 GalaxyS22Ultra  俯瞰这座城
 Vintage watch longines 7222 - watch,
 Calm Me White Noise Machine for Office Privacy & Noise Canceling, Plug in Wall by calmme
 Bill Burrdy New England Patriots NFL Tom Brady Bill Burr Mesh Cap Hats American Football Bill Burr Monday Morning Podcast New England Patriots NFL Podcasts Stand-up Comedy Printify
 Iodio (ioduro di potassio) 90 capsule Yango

──────────

» **Task instructions**
Copy the records above exactly, starting at the line that contains "Vintage watch longines" and ending at the last line, and leave out all earlier lines.

» **The answer**
 Vintage watch longines 7222 - watch,
 Calm Me White Noise Machine for Office Privacy & Noise Canceling, Plug in Wall by calmme
 Bill Burrdy New England Patriots NFL Tom Brady Bill Burr Mesh Cap Hats American Football Bill Burr Monday Morning Podcast New England Patriots NFL Podcasts Stand-up Comedy Printify
 Iodio (ioduro di potassio) 90 capsule Yango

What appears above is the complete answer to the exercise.